Comment 0 for bug 1836913

Revision history for this message
Christian Ehrhardt  (paelzer) wrote : crash (on ppc64) hen restarting numad while huge guest is active

I found that "by accident" while verifying another fix for numad.
It seems (at least on a power 9 box) that if you have a huge kvm guest running and restart numad that it crashes.

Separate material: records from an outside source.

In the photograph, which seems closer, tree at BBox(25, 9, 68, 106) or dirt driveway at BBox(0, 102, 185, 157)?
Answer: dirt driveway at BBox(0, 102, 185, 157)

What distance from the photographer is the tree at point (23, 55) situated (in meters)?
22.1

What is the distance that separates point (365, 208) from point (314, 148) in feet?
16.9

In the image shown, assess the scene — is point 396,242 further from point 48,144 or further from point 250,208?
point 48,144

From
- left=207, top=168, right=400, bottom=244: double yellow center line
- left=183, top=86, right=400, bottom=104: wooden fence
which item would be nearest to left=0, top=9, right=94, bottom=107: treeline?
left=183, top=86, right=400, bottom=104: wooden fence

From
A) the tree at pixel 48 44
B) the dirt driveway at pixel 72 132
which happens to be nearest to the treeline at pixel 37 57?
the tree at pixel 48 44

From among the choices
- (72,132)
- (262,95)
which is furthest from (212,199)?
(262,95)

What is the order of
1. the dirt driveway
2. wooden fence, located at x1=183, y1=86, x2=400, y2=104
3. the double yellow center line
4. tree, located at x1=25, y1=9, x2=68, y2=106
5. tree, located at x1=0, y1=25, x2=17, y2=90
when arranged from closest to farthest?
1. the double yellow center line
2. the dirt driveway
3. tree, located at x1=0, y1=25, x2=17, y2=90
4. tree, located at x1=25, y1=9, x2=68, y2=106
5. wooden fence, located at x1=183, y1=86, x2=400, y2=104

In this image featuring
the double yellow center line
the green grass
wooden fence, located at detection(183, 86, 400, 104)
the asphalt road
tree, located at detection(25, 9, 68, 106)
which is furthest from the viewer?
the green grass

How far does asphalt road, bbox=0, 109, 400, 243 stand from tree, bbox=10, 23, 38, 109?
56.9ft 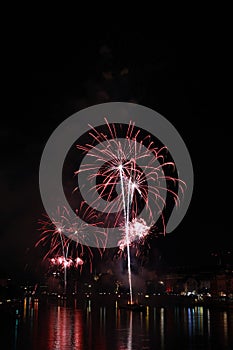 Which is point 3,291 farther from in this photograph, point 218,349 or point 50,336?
point 218,349

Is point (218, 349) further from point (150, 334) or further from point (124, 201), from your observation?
point (124, 201)

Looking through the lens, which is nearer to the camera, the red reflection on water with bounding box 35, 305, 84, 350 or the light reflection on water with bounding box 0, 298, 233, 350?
the red reflection on water with bounding box 35, 305, 84, 350

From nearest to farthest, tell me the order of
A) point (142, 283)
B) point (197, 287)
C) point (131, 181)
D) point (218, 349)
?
point (218, 349) → point (131, 181) → point (142, 283) → point (197, 287)

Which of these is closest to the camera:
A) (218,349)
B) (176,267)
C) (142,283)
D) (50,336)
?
(218,349)

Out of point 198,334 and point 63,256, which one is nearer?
point 198,334

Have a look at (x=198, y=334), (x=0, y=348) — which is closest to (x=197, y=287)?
(x=198, y=334)

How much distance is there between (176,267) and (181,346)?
110252 mm

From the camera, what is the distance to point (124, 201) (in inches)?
1368

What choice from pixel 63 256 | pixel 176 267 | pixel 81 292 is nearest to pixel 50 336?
pixel 63 256

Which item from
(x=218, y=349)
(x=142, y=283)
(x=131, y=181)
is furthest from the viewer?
(x=142, y=283)

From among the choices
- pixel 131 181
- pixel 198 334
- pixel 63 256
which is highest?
pixel 131 181

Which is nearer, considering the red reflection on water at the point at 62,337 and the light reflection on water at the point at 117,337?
the red reflection on water at the point at 62,337

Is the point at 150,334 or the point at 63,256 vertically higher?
the point at 63,256

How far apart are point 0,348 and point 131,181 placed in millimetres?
18694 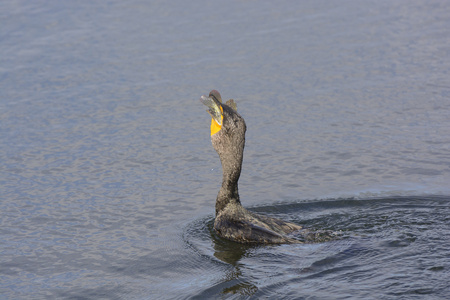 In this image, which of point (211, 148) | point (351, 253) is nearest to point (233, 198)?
point (351, 253)

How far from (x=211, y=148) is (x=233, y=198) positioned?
2.91 m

The crash seems related to some re-init of a static structure:

stack trace ---
#0 tcache_get (tc_idx=<optimized out>) at malloc.c:2950
        e = 0x9a5ddc1950
        e = <optimized out>
        __PRETTY_FUNCTION__ = "tcache_get"
#1 __GI___libc_malloc (bytes=16) at malloc.c:3058
        ar_ptr = <optimized out>
        victim = <optimized out>
        hook = <optimized out>
        tbytes = <optimized out>
        tc_idx = <optimized out>
        __PRETTY_FUNCTION__ = "__libc_malloc"
#2 0x0000009a300279a0 in ?? ()
No symbol table info available.
#3 0x0000009a3002cad8 in ?? ()
No symbol table info available.
#4 0x0000009a30023794 in ?? ()
No symbol table info available.
#5 0x00007a6150998278 in generic_start_main (main=0x9a30022a00, argc=<optimized out>, argv=0x7fffe93a7828, auxvec=0x7fffe93a7880, init=<optimized out>, rtld_fini=<optimized out>, stack_end=<optimized out>, fini=<optimized out>) at ../csu/libc-start.c:308
        self = 0x7a6150dc38d0
        result = <optimized out>
        unwind_buf = {cancel_jmp_buf = {{jmp_buf = {8465053667230565969, 134558384812288, 8465057470262718529, 0 <repeats 13 times>, 134558387008032, 0, 134558387008040, 662230455376, 0, 2449962883098869759, 0 <repeats 42 times>}, mask_was_saved = 0}}, priv = {pad = {0x0, 0x0, 0x7fffe93a7700, 0x0}, data = {prev = 0x0, cleanup = 0x0, canceltype = -382044416}}}
        not_first_call = <optimized out>
#6 0x00007a6150998484 in __libc_start_main (argc=<optimized out>, argv=<optimized out>, ev=<optimized out>, auxvec=<optimized out>, rtld_fini=<optimized out>, stinfo=<optimized out>, stack_on_entry=<optimized out>) at ../sysdeps/unix/sysv/linux/powerpc/libc-start.c:116
No locals.
#7 0x0000000000000000 in ?? ()
No symbol table info available.
--- source code stack trace ---
#0 tcache_get (tc_idx=<optimized out>) at malloc.c:2950
  [Error: malloc.c was not found in source tree]
#1 __GI___libc_malloc (bytes=16) at malloc.c:3058
  [Error: malloc.c was not found in source tree]
#2 0x0000009a300279a0 in ?? ()
#3 0x0000009a3002cad8 in ?? ()
#4 0x0000009a30023794 in ?? ()
#5 0x00007a6150998278 in generic_start_main (main=0x9a30022a00, argc=<optimized out>, argv=0x7fffe93a7828, auxvec=0x7fffe93a7880, init=<optimized out>, rtld_fini=<optimized out>, stack_end=<optimized out>, fini=<optimized out>) at ../csu/libc-start.c:308
  [Error: libc-start.c was not found in source tree]
#6 0x00007a6150998484 in __libc_start_main (argc=<optimized out>, argv=<optimized out>, ev=<optimized out>, auxvec=<optimized out>, rtld_fini=<optimized out>, stinfo=<optimized out>, stack_on_entry=<optimized out>) at ../sysdeps/unix/sysv/linux/powerpc/libc-start.c:116
  [Error: libc-start.c was not found in source tree]
#7 0x0000000000000000 in ?? ()

I thought at first this would be related to my debug rebuilds, but it seems to appear as-is.